Brief descriptive captions:
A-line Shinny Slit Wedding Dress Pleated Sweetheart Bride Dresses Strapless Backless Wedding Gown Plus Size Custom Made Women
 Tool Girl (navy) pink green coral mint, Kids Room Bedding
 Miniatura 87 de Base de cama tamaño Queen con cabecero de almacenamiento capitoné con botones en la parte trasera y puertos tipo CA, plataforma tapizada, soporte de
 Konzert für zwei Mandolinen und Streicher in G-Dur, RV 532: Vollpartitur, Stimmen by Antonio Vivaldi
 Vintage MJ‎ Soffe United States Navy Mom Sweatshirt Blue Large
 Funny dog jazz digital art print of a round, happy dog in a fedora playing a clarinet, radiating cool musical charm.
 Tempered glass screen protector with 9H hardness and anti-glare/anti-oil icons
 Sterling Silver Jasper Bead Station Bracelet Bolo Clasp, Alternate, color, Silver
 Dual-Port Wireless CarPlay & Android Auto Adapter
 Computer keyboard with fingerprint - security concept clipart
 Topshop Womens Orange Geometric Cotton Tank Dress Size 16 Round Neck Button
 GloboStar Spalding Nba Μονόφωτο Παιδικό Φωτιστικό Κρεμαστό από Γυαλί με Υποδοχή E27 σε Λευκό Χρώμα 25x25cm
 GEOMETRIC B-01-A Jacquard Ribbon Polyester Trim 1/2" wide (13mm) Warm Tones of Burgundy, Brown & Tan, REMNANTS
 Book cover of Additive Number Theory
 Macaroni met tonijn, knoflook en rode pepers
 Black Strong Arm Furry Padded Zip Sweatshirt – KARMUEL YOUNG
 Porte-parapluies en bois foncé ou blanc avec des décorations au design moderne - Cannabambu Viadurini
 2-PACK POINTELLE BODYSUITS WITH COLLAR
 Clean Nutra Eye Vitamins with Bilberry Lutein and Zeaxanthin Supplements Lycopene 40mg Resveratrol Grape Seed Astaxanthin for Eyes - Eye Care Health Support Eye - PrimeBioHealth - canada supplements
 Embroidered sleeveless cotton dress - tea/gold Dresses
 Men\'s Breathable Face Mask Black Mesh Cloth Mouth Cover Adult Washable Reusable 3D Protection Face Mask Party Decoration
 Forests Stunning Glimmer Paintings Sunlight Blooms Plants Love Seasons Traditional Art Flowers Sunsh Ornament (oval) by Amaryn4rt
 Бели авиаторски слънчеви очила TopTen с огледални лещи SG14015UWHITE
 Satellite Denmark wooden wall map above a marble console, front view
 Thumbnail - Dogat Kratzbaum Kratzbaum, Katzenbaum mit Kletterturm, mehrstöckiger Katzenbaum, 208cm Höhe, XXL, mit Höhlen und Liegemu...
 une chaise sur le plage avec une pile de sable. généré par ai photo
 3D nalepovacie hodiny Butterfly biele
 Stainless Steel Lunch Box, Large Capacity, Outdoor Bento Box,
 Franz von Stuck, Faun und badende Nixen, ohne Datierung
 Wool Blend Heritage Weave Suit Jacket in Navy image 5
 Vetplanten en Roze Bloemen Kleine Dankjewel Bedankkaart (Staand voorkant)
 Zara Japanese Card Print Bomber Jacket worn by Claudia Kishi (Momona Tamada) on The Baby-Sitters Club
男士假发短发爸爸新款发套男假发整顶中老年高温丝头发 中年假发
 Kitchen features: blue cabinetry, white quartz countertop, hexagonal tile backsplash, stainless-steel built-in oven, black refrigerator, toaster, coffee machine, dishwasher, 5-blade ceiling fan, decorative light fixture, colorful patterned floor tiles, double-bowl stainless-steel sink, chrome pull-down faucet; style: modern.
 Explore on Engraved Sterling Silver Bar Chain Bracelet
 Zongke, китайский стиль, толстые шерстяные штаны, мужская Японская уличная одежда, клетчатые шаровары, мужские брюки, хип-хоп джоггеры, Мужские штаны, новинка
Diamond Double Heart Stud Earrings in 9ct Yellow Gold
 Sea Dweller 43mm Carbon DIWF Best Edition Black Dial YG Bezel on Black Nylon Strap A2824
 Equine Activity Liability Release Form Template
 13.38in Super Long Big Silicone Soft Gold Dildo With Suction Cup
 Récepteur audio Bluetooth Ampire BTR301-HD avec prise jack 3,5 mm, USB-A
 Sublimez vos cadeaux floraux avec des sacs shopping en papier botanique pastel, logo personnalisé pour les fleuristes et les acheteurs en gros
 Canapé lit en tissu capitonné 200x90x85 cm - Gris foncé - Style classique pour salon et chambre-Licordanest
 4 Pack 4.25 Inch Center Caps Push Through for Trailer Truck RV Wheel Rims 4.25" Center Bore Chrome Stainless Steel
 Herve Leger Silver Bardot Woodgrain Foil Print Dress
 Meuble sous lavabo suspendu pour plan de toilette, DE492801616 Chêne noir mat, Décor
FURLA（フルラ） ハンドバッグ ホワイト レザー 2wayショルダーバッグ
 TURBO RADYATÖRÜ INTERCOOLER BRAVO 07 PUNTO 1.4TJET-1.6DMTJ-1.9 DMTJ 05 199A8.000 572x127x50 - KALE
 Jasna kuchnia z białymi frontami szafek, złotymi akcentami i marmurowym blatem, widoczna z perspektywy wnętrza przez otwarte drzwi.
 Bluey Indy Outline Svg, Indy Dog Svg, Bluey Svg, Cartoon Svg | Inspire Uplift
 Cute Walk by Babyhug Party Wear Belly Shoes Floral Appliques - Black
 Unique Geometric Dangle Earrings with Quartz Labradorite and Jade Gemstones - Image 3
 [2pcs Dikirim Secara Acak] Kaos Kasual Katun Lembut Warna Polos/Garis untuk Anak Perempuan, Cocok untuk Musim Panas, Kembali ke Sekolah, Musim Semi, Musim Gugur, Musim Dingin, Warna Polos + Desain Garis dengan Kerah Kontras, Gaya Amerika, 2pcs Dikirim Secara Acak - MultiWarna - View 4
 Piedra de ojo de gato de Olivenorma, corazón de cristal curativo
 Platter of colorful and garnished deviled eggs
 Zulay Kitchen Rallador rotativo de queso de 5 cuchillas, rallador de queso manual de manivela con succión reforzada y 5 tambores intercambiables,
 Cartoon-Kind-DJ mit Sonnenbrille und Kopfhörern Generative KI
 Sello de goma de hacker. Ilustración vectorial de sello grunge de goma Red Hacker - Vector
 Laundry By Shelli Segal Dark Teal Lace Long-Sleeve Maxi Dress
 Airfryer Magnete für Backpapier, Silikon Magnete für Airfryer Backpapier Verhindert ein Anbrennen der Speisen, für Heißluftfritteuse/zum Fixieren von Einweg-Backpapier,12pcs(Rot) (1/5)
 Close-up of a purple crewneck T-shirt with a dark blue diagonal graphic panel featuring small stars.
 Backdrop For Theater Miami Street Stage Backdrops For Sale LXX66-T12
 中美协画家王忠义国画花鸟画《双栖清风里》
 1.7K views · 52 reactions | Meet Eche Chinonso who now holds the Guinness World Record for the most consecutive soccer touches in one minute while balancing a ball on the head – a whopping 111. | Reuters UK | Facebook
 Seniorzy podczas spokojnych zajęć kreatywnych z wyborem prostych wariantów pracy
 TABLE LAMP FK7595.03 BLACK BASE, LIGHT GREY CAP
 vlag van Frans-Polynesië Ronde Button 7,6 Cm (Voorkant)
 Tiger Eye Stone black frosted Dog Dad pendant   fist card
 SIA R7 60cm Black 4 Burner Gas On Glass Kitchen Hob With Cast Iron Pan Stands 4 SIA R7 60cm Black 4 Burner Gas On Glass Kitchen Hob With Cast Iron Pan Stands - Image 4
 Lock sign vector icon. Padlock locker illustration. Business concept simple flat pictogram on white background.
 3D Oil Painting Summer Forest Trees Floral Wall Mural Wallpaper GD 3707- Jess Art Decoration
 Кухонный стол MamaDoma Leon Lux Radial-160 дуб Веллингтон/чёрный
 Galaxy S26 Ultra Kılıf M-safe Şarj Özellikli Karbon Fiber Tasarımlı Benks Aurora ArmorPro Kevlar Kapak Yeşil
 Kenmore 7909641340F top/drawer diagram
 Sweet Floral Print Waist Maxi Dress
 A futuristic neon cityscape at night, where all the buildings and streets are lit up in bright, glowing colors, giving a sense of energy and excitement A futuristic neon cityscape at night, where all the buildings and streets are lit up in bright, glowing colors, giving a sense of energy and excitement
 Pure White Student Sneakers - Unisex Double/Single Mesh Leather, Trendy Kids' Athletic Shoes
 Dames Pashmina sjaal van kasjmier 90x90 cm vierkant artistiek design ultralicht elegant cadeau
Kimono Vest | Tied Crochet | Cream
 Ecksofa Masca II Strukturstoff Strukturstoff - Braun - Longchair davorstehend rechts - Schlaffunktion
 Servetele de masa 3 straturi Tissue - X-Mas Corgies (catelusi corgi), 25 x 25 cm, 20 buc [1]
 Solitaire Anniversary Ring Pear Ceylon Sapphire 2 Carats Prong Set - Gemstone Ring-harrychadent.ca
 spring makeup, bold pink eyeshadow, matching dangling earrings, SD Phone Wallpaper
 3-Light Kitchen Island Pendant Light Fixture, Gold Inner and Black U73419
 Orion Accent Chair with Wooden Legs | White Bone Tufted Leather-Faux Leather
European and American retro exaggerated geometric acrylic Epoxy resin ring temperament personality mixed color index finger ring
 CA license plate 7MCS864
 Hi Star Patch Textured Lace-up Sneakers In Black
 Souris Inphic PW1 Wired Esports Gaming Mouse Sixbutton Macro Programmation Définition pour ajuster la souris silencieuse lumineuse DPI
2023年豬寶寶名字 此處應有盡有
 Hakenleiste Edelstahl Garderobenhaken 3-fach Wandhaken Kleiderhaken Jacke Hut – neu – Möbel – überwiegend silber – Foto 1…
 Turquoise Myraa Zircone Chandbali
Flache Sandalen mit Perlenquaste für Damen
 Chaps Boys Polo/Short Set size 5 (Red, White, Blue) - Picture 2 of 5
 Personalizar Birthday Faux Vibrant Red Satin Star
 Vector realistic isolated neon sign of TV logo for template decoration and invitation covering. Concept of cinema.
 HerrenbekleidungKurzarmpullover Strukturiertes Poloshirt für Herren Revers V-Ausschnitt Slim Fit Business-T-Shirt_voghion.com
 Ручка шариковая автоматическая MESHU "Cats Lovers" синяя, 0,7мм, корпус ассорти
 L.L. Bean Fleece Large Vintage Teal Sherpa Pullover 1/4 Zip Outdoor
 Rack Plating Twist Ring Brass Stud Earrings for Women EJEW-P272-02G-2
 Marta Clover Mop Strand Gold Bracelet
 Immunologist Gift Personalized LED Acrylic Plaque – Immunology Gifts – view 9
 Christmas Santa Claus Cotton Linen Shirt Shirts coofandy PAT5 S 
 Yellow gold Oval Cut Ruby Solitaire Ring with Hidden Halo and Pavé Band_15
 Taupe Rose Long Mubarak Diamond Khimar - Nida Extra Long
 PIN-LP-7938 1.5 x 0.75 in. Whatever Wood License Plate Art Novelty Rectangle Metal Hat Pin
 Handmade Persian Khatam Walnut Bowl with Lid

_Task to carry out_.
Which lines above run from the one containing "Tool Girl (navy)" down to the one containing "Vintage MJ‎ Soffe"? Repeat exactly those, both ends included, and nothing else.

_Solution to this exercise_.
 Tool Girl (navy) pink green coral mint, Kids Room Bedding
 Miniatura 87 de Base de cama tamaño Queen con cabecero de almacenamiento capitoné con botones en la parte trasera y puertos tipo CA, plataforma tapizada, soporte de
 Konzert für zwei Mandolinen und Streicher in G-Dur, RV 532: Vollpartitur, Stimmen by Antonio Vivaldi
 Vintage MJ‎ Soffe United States Navy Mom Sweatshirt Blue Large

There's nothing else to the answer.